In the instant case the Board of Adjustment in effect authorized Gulf to erect on property located in a B-3 zone tanks for the storage of gasoline and petroleum products. Since such facilities may be constructed only in an M-2 zone, it is apparent the Board assumed authority it did not possess, that is, it granted an application which, if allowed, would in effect change the property from a B-3 zone to an M-2 zone. The exercise *97 of such power upon the part of the Board is expressly forbidden by this language in the Beyer case:

"The power to zone property within the city belongs to the legislative department of the city, and that power has not been and cannot be delegated to the Board of Adjustment of the Planning & Zoning Commission, yet if the Board of Adjustment may grant special exceptions or authorize variances, such as the one in the present case, it may eventually destroy the restrictions imposed by the zoning ordinance and, in effect, amend or repeal the ordinance."

The Board attempted to justify its allowance of the application on the ground that a denial would "result in unnecessary hardship on the applicants." It is difficult to understand how Gulf could suffer a hardship in the restriction on the use of a property it does not yet own. As a matter of fact, Gulf's lease of the property and its option to purchase were not acquired until after the enactment of the zoning ordinance, so that it was on notice from the outset that the property was not available for use as a gasoline and petroleum storage facility and that situation prevailed for over a year prior to the time it even became interested in the property. In Gleason v. Keswick Improvement Association, Inc., 197 Md. 46, 78 A.2d 164, 166, the universally recognized rule as to granting a special advantage to one who purchases property in the face of an existing restriction binding it is set forth as follows:

"`Where a person purchases property with the intention to apply to the board of appeals for a variance from the restrictions imposed by the ordinance he cannot contend that such restrictions cause him such a peculiar hardship that entitles him to the special privileges which he seeks.'"

In the light of what we have stated, we conclude the circuit court correctly determined the issue presented by this appeal.

Wherefore, the judgment is affirmed.

SIMS, Judge (dissenting).

I cannot agree with the majority opinion and will give my reasons in this dissent.

The first error of the majority is they say the variance granted by the Board of Adjustment amounts to a rezoning, hence the Board was legislating. The statute, KRS 100.470, authorizes the Board to decide appeals and applications for special exceptions where a literal enforcement of the zoning regulations would result in unnecessary hardship. The majority opinion in denying the right of the Board to make this variance emasculates this statute, as well as others relating to the powers of the Board, and leaves it with no authority. In effect the opinion abolishes the Board.

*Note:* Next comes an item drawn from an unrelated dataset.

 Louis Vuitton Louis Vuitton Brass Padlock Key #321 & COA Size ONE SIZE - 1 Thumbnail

The powers of the Board are to be found in the statutes, and the city cannot limit those powers or impose restrictions or conditions on their exercise. Rathkopf, The Law of Zoning and Planning, Vol. 1, page 609. Whatever may be the terms of an ordinance or regulation of the Commission in respect to the power of the Board, they must yield to the terms of the enabling statute where there is conflict. City of Somerset v. Weise, Ky., 263 S.W.2d 921. It is a simple and elementary principle that an ordinance cannot forbid what a statute expressly permits or authorizes. City of Ashland v. Ashland Supply Co., 225 Ky. 123, 7 S.W.2d 833; City of Harlan v. Scott, 290 Ky. 585, 162 S.W.2d 8.

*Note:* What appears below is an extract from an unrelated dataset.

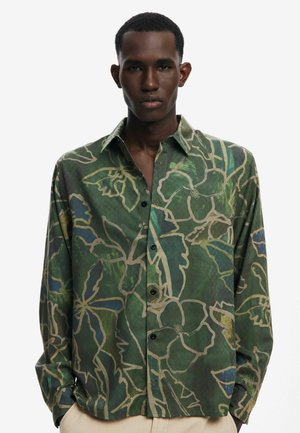 Camicia verde con bottoni, decorata con motivi floreali in tonalità più chiare. Tessuto leggero, maniche lunghe e un design del colletto classico.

In the exercise of these powers, the Board may "reverse, affirm or modify an order, decision or determination of an administrative official." KRS 100.470(2, 3). Its decision or order is made conclusive as to all questions of fact, where there is substantial evidence to support it. KRS 100.480. We held in Schloemer v. City of Louisville, 298 Ky. 286, 182 S.W.2d 782, that courts will not disturb decisions of the Board in granting a variance unless it acted arbitrarily. In Fried v. Louisville and Jefferson County Planning and Zoning Commission, Ky., 258 S.W.2d 466, it was said that a court will not substitute its judgment for that of the *98 zoning authority when the decision is based upon reason and logic. True, the Fried opinion was questioned in Louisville and Jefferson County Planning and Zoning Commission v. Grady, Ky., 273 S.W.2d 563, but not on the point now under discussion.

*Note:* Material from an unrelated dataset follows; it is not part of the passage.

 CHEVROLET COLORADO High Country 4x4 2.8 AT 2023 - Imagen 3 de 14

These statutes clearly and explicitly define the powers of the Board of Adjustment and, as indicated above, any attempt to limit them or restrict their reasonable exercise by an ordinance or regulation of the zoning commission is without effect. As stated in Rathkopf, The Law of Zoning and Planning, Vol. 1, page 667, "The purpose of the powers granted to the Board of Appeals is to provide a way of flexibility in the administration of zoning ordinances, to permit a variance when the enforcement of the law would be to create unnecessary hardship. The jurisdiction of the board to exercise the corrective powers conferred upon it by statute, indispensable to the statutory purpose, is, of course, not limited or modified by the failure of the ordinance to include a similar flexible provision, conferring powers upon the Board of Appeals similar to that contained in the village, city or town law." Yokley, Zoning Law and Practice, § 129 et seq., and 58 Am.Jur., Zoning, §§ 196, 198, are to the same effect. See also 168 A.L.R. 102 et seq.

In the case before us we have a single city lot in the midst of industry with the rear three-fourths portion thereof zoned for heavy industry, while the front one-fourth is zoned for general business. This is the only instance that I can recall where a single city lot has been put into two different zones. It is apparent this works a great hardship on the owner of the lot and the Board was acting clearly within the power given it by statute to grant a variance so that the owner may construct oil storage tanks on the front quarter of the lot similar to those now on the rear three quarters of the lot.

The majority rest their decision on Bray v. Beyer, 292 Ky. 162, 166 S.W.2d 290. As I read the Beyer opinion, the facts there are quite different from those here. Beyer asked the Board to exempt his lot from the restrictions of the zoning ordinance while here the property owner only asked for a variance allowing a use of the front one-fourth of the lot which was permitted on the rear three-fourths of it. Beyer asked for a rezoning of his property and when his application was refused, he erected a filling station thereon and the Board entered an order exempting his property from the restrictions of the zoning ordinance. We rightfully held this amounted to legislation by the Board. No specific variance was sought by Beyer on the ground that a literal enforcement of the zoning ordinance would result in an unnecessary hardship on him. In the case at bar the property owner sought a variance on the ground of unnecessary hardship, and the Board specifically found on the evidence adduced that a literal compliance with the zoning ordinance would work such hardship. Under the Schloemer and Fried opinions neither the circuit court nor this court should disturb the Board's decision.

The majority opinion again falls into error, in my judgment, when it says "it is difficult to understand how Gulf could suffer a hardship in the restriction on the use of a property it does not yet own." The hardship is not on Gulf for it will refuse to purchase the property unless the variance is granted. The hardship is on the present owner which has practically a worthless piece of property if the variance is not granted to enable it to put the front one-fourth of the lot to the same use the zoning commission allowed the owner to make of the rear three-fourths of the lot.

For the reasons given, I most respectfully dissent.